**ACTIVITY**
Could the listing below be reproduced exactly, minus its pictures?
<<<<
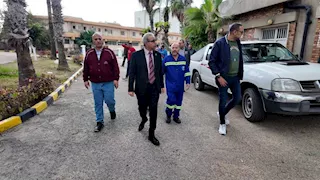 لمواجهة الأمطار.. رئيس "صرف صحي الإسكندرية" يتفقد محطة سموحة (صور)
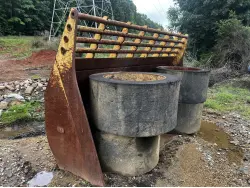 JOHN DEERE bucket and tires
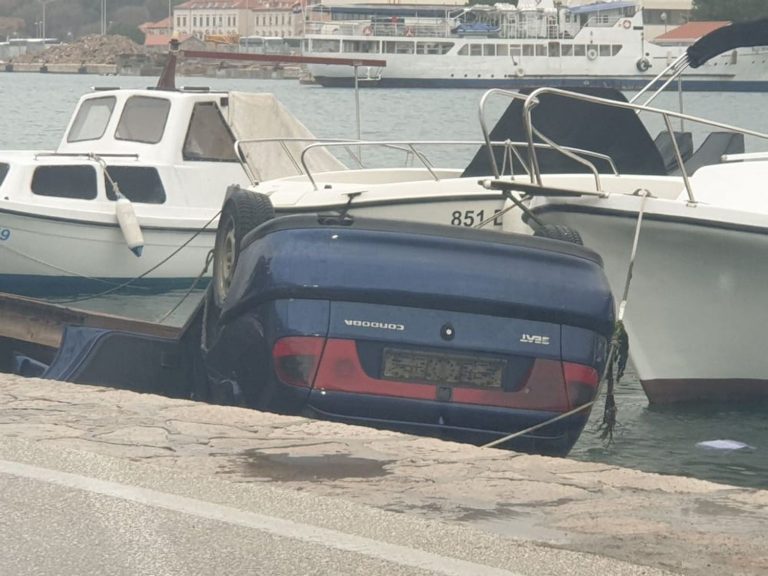 PROMETNA NEZGODA Automobil završio u moru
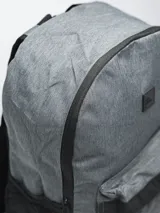 Mochila con estampado tie-dye en tonos grises y blancos, con bolsillo frontal con cierre y logo "Forum Active" estampado. Incluye bolsillo lateral de red para botella.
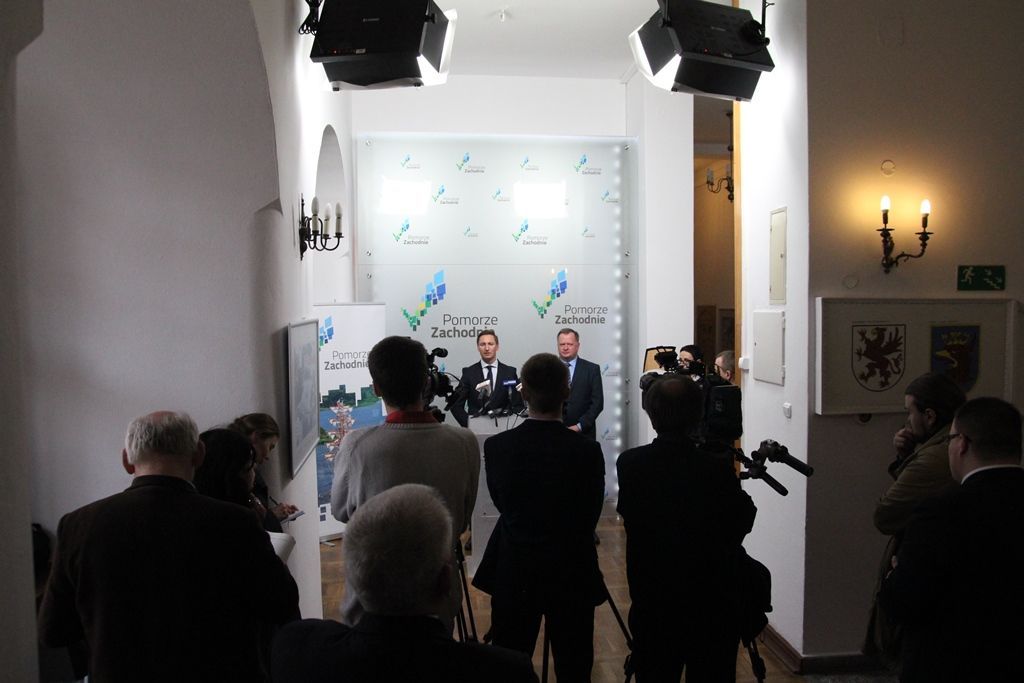 Temat inwestycji Volkswagena wzbudził duże zainteresowanie mediów.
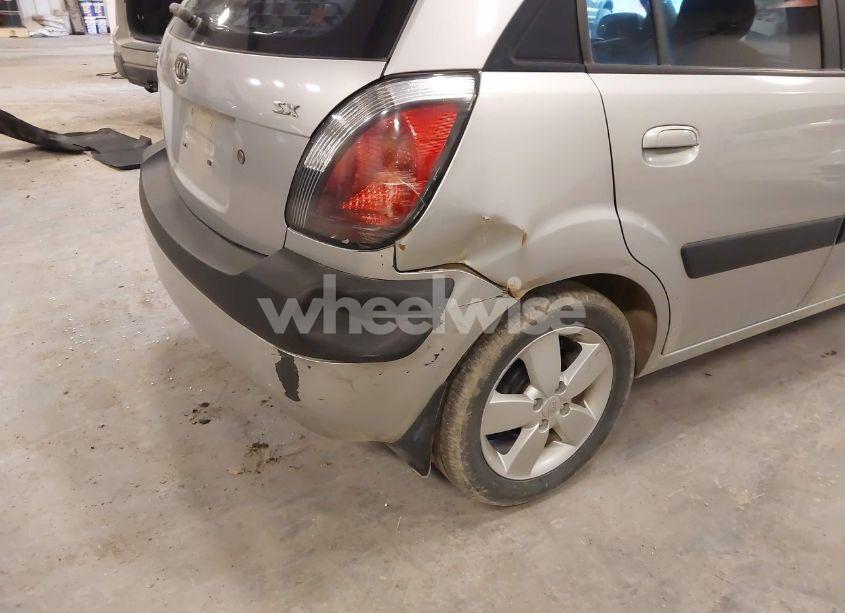 Photo 6 of 2009 Kia Rio5 SX (VIN KNADE243096570901)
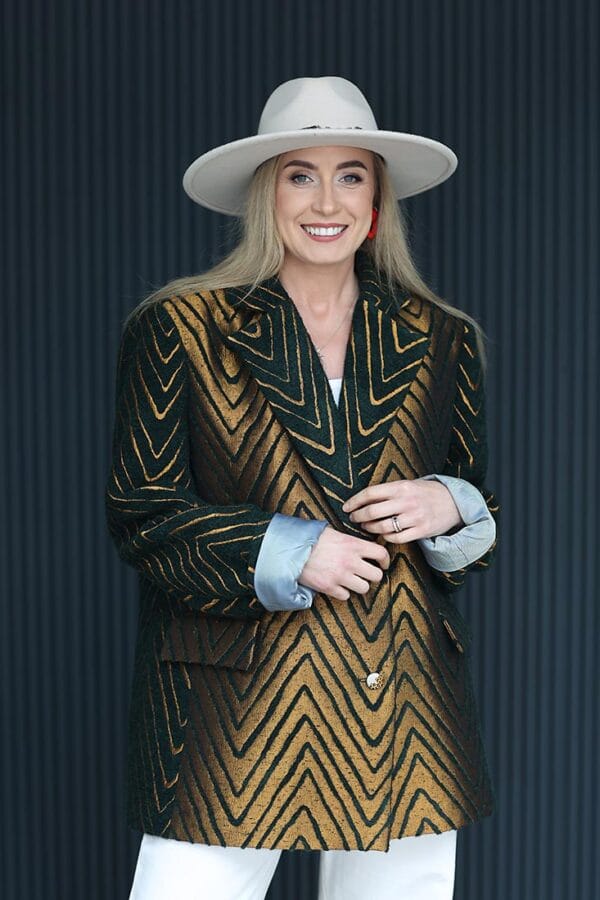 Tiesaus silueto švarkas "Aureva"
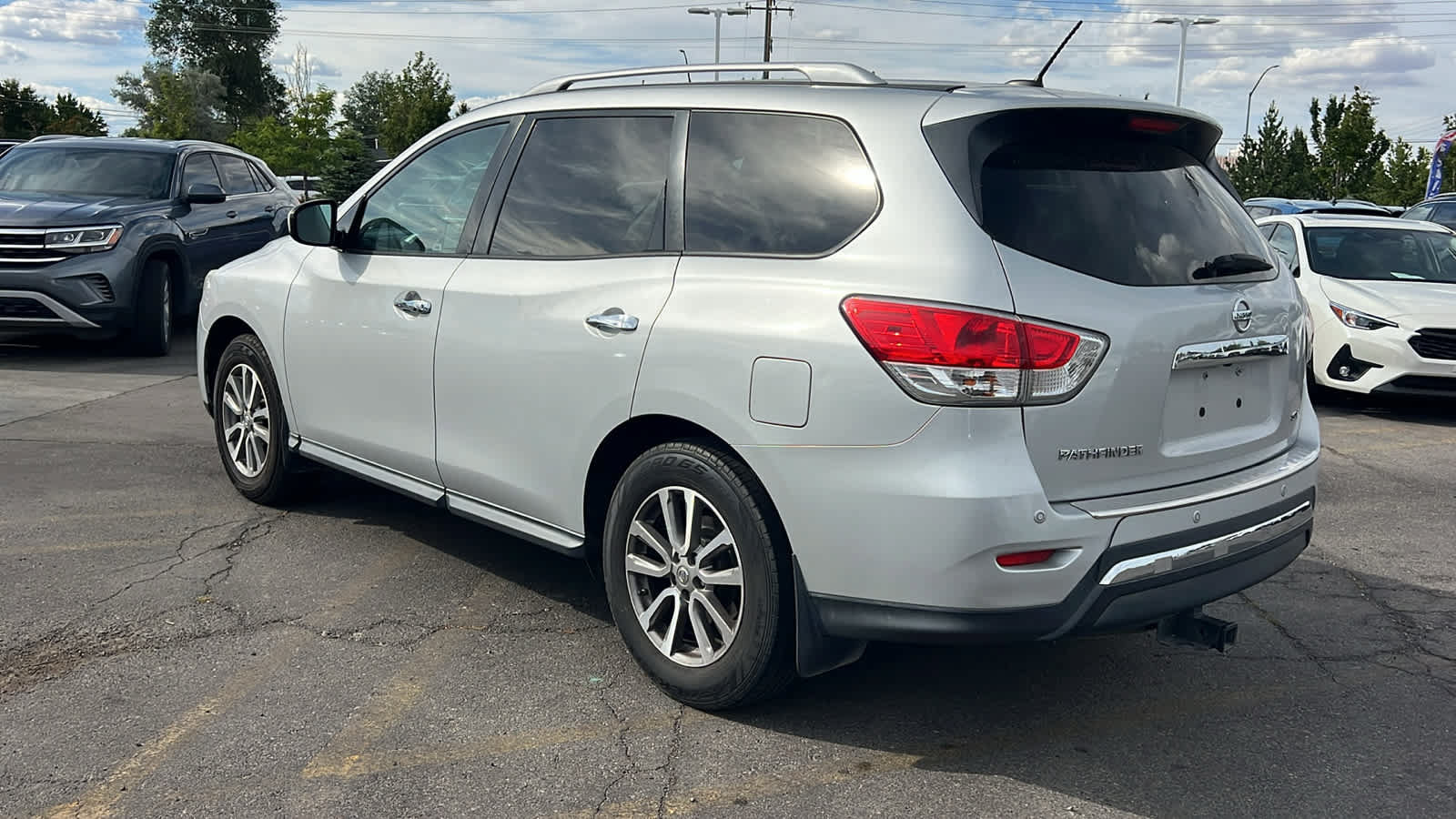 Used 2016 Nissan Pathfinder SV FWD image 7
>>>>
**SOLVED PROBLEM**
 لمواجهة الأمطار.. رئيس "صرف صحي الإسكندرية" يتفقد محطة سموحة (صور)
 JOHN DEERE bucket and tires
 PROMETNA NEZGODA Automobil završio u moru
 Mochila con estampado tie-dye en tonos grises y blancos, con bolsillo frontal con cierre y logo "Forum Active" estampado. Incluye bolsillo lateral de red para botella.
 Temat inwestycji Volkswagena wzbudził duże zainteresowanie mediów.
 Photo 6 of 2009 Kia Rio5 SX (VIN KNADE243096570901)
 Tiesaus silueto švarkas "Aureva"
 Used 2016 Nissan Pathfinder SV FWD image 7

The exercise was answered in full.